GOVERNMENT plans to sell off publicly-owned woodland have been slammed by Derbyshire’s Green Party.
Fifteen per cent of the public forest estate, worth an estimated £100m, is in the process of being sold, but in November, Agriculture Minister Jim Paice told the House of Lords Select Committee that he would consider selling the entire Forestry Commission land holding – amounting to 205,000 hectares in England.
Derbyshire has 3,154 hectares of Forestry Commission woodland – including heritage woods around Ladybower Reservoir and parts of the National Forest in South Derbyshire – and just under two third of this, 1,906 hectares, is situated in the High Peak alone.

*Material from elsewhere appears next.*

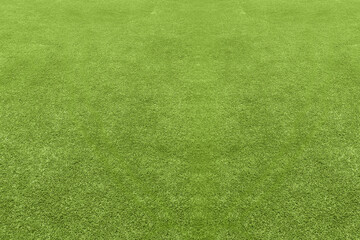 Green grass texture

Derbyshire Green Party Chairman David Foster said: “The Forestry Commission has a proven record in environmental protection and managing sites of special scientific interest.
“It is highly unlikely that the same kind of long term care and protection would be given to the land once in private hands.
“Ninety per cent of Forestry Commission land is open to the public and these access rights go far beyond the basic rights that the law offers.
“Inevitably, in private and commercial hands, public access would be downgraded. The principle concern of the new private owners will be to make a profit.”
Over 330,000 people have already signed a petition by the campaign group 38Degrees. In a recent YouGov poll, 84 per cent of people said they wanted the woodland to remain in public ownership.